As crianças continuam indo à escola e as fronteiras do país estão abertas, contrariando as recomendações dos especialistas.
A Nicarágua confirmou o seu primeiro caso positivo para Covid-19 em 12 de março. Até esta segunda-feira (13), o país, de 6,2 milhões de habitantes, registra nove casos e uma morte por infecção pelo novo coronavírus; quatro se recuperaram, segundo os dados oficiais.
Já o Observatório Cidadão Covid-19, organizado por especialistas independentes, relatava 184 casos até a quinta-feira passada.
Enquanto a maioria dos países tem cancelado eventos com grande concentração de pessoas, o regime orteguista convocou funcionários públicos e apoiadores a participar de uma marcha em 14 de março, chamada de "Amor em tempos de Covid-19", apesar das recomendações das autoridades de saúde de evitar aglomerações neste momento.
Opositores criticaram a decisão do regime, dizendo que a convocação foi uma "irresponsabilidade" em tempos de combate à propagação do vírus.
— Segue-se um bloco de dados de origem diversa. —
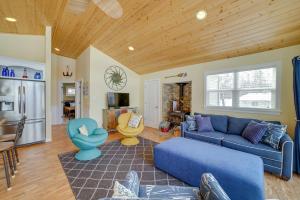un soggiorno con divano blu e una cucina di Cozy Lakeside Cottage Pontoon, Kayaks, Grill a Newaygo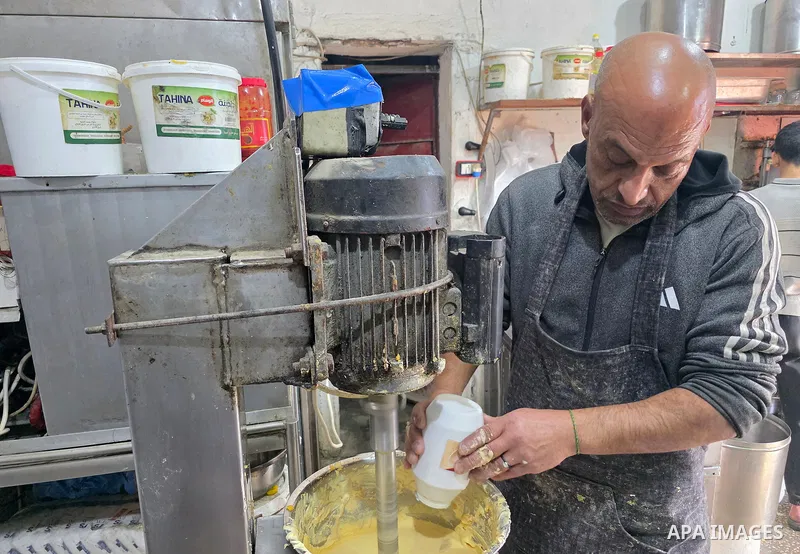 A Palestinian man prepares hummus and falafel, popular Palestinian dishes, during Ramadan in Khan Younis. This particular meal graces tables during Ramadan, despite the shortages of gas and food supplies for the third co...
Ortega e Rosario Murillo não participaram do evento convocado por eles mesmos.
Milhares de simpatizantes sandinistas participaram da marcha na capital, Manágua, e em outras cidades.
E enquanto cidadãos de todo o mundo permaneceram em casa durante a Semana Santa, o regime da Nicarágua chamou a população a participar de diversas festividades durante o feriado. "Mais de 80 atividades serão realizadas na Nicarágua no período da Semana Santa, de 4 a 12 de abril", informou o Ministério do Turismo.
Não é só a ausência do chefe do Executivo que complica a resposta da Nicarágua à pandemia de coronavírus. O país tem três ministras da Saúde, conforme anunciou Rosario Murillo em 1 de abril, o que contribui para a falta de clareza com relação às medidas de combate ao vírus.
Segundo o Infobae, a ministra da Saúde da Nicarágua até 26 de julho de 2019, Sonia Castro, recebeu sanções dos Estados Unidos, em 21 de julho de 2019. Ela foi acusada pelos EUA de "graves violações aos direitos humanos", ao negar atenção médica a opositores durante série de protestos contra o governo. Por causa da sanção, Ortega a destituiu e a nomeou para o cargo de "ministra assessora do presidente sobre temas de saúde", até então inexistente.
Em seu lugar, foi nomeada Carolina Dávila, que foi destituída em meio à crise do coronavírus e designada "ministra assessora" do sistema de Saúde de Manágua.